> [RECORDS SHOWN]:
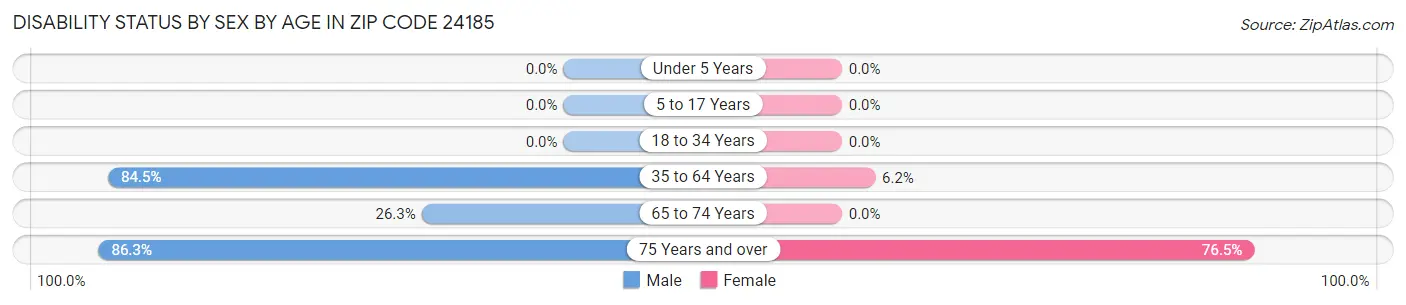 Disability Status by Sex by Age in Zip Code 24185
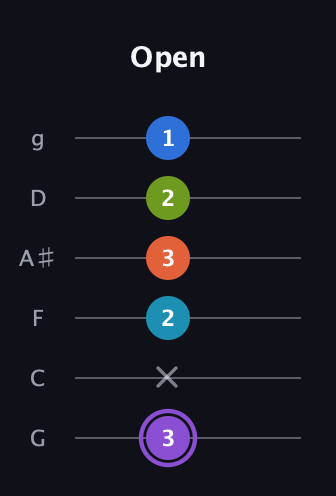 A♯ Diminished 7th Sharp 13th guitar tab — Open (3 x 2 3 2 1) in Standard Tuning (EADGBE) · Capo 3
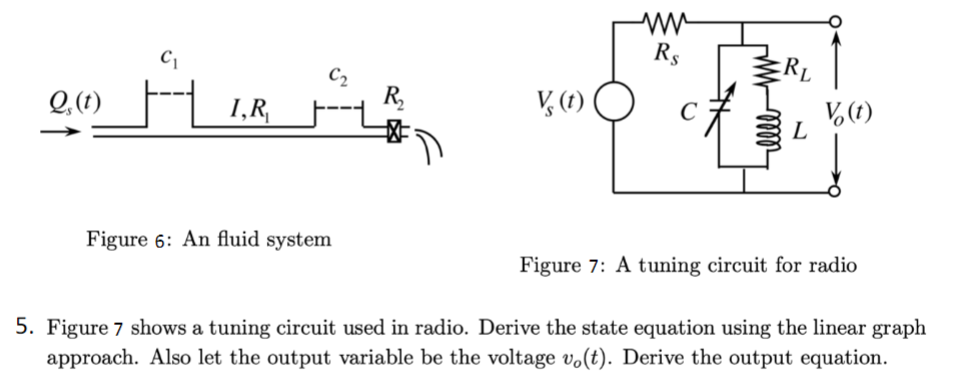 Q, (t)
C₁
He
I,R,
C₂
Figure 6: An fluid system
V, (t)
ww
Rs
ERL
elle
L
V (t)
Figure 7: A tuning circuit for radio
5. Figure 7 shows a tuning circuit used in radio. Derive the state equation using the linear graph
approach. Also let the output variable be the voltage vo(t). Derive the output equation.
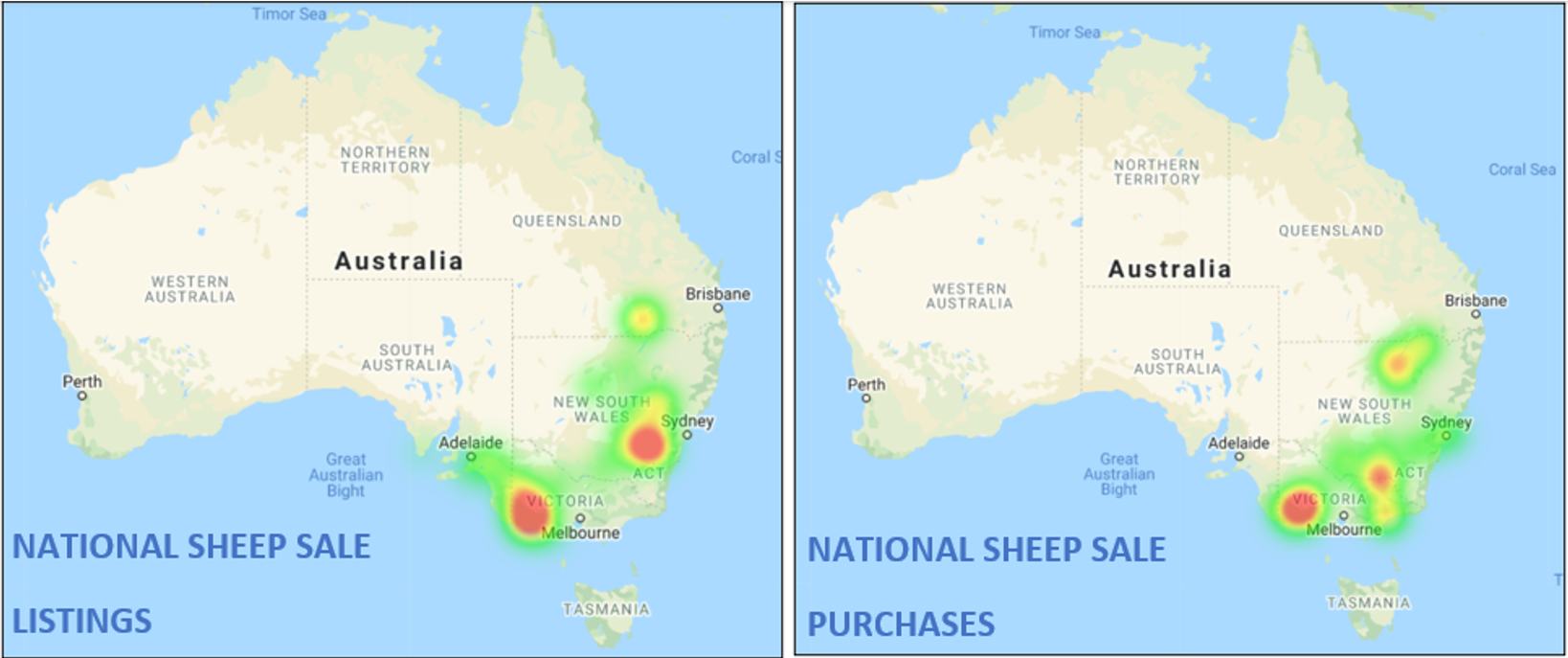 Sheep Listings & Purchases 7.1.22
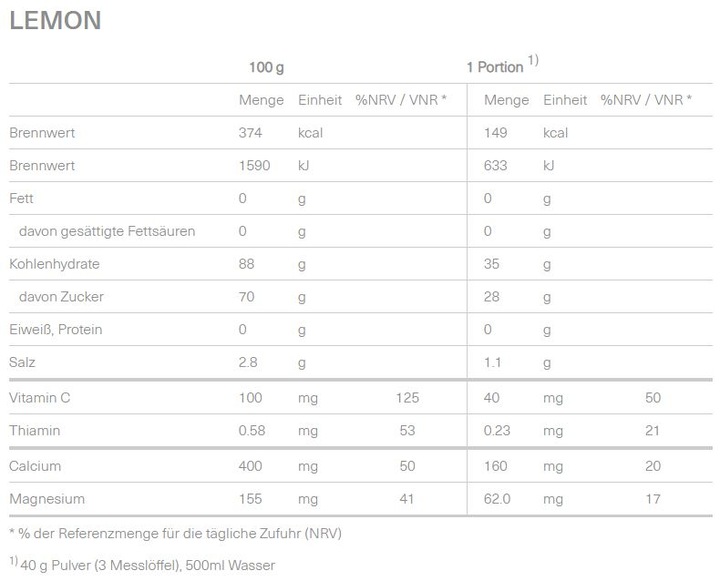 Nutritional values and ingredients Isostar Hydrate & Perform (Lemon, 1 pcs., 400 g)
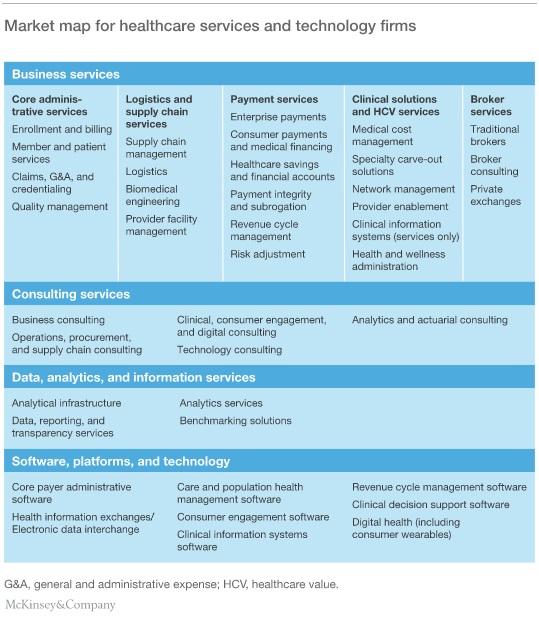 Market Map for healthcare services and technologies MCKinsey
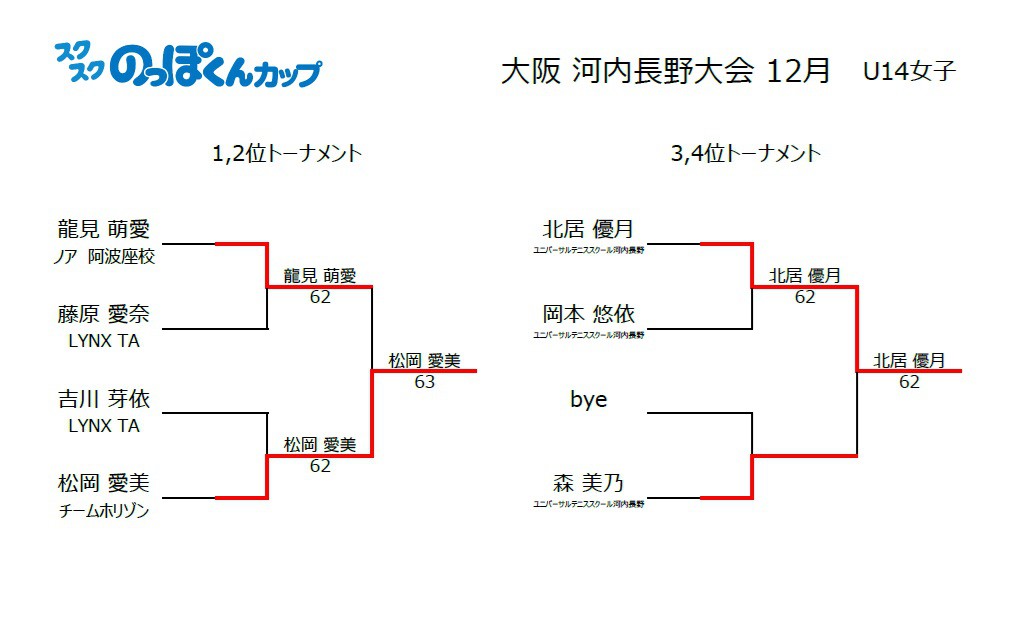 kawachi2501085.jpg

> [PROBLEM DETAILS]:
Show a copy of each line from the records above in which the string "Figure" occurs.

> [RESPONSE FOR THIS EXERCISE]:
Figure 6: An fluid system
Figure 7: A tuning circuit for radio
5. Figure 7 shows a tuning circuit used in radio. Derive the state equation using the linear graph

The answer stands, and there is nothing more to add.